Par ailleurs, les résultats de la FISH montrent aussi une légère différence entre les hommes et les femmes dans le pourcentage des MN contenant des signaux centromériques. En effet, dans les lymphocytes exposés à [BaP] = 5 µg/mL, les hommes ont une augmentation significative (p < 0,01) du pourcentage de MN C+ par rapport à celui des lymphocytes non exposés. Chez les femmes, cette proportion est augmentée, mais pas significativement (p < 0,1). En regardant le pourcentage des MN contenant 3 signaux centromériques et plus (MN C3++), c’est l’inverse, puisque ce pourcentage est augmenté chez les femmes (p < 0,01), mais ne l'est pas chez les hommes (Tableau XI, page 111). Cependant, le nombre de MN analysés est insuffisant pour voir une différence statistique entre les sexes et une comparaison directe des pourcentages obtenus chez les deux sexes ne montre pas de différence significative entre les hommes et les femmes.
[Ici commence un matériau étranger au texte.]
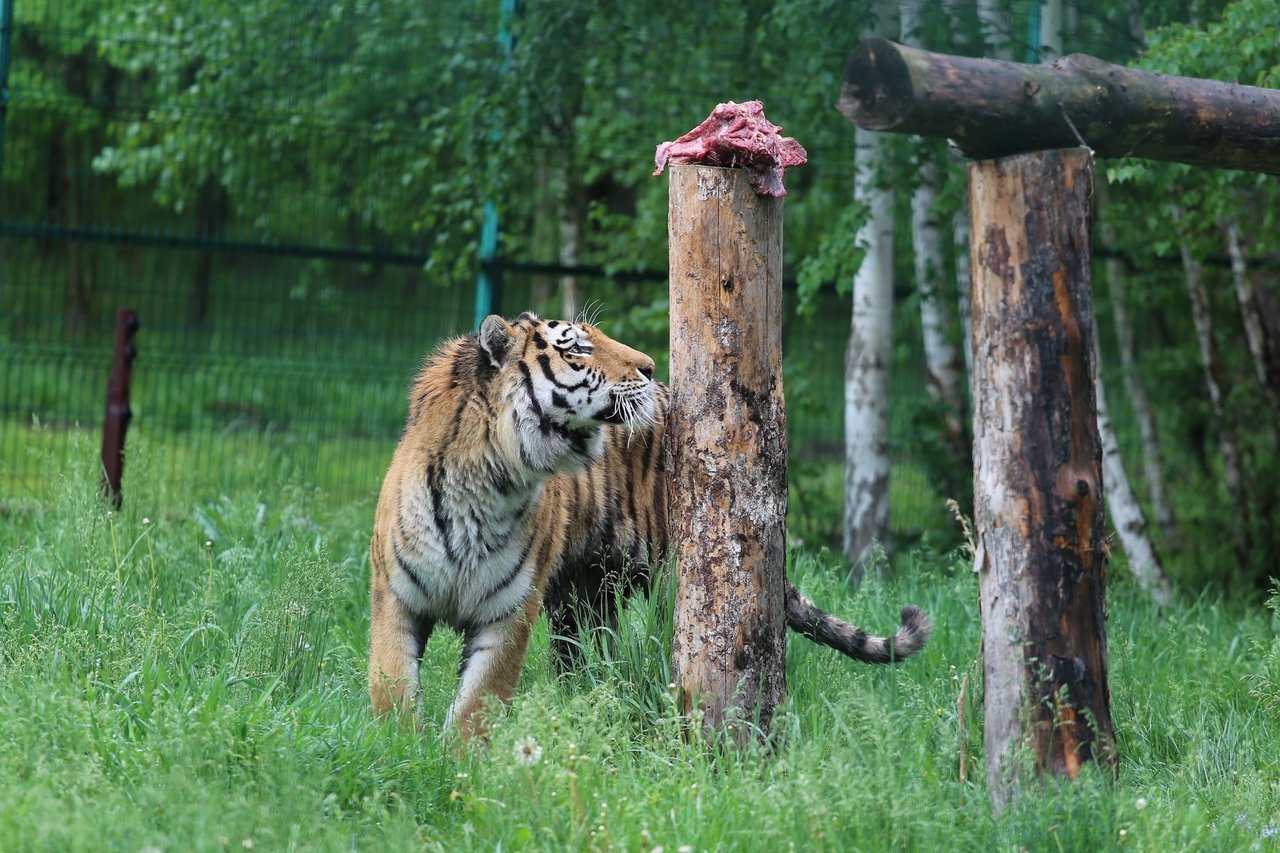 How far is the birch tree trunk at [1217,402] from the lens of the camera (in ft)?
31.2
Il serait intéressant d'analyser les MN produits chez les hommes et les femmes avec une sonde reconnaissant le centromère du chromosome X. En effet, il a été noté chez des sujets non exposés, que les femmes perdaient plus fréquemment le chromosome X dans leurs MN C+ et que ceci pouvait expliquer la différence entre les deux sexes [Vral et al, 2011]. Ceci nous permettrait de déterminer si le BaP agit en accentuant la perte du chromosome X chez la femme, un phénomène déjà présent, ou s'il agit via un autre mécanisme.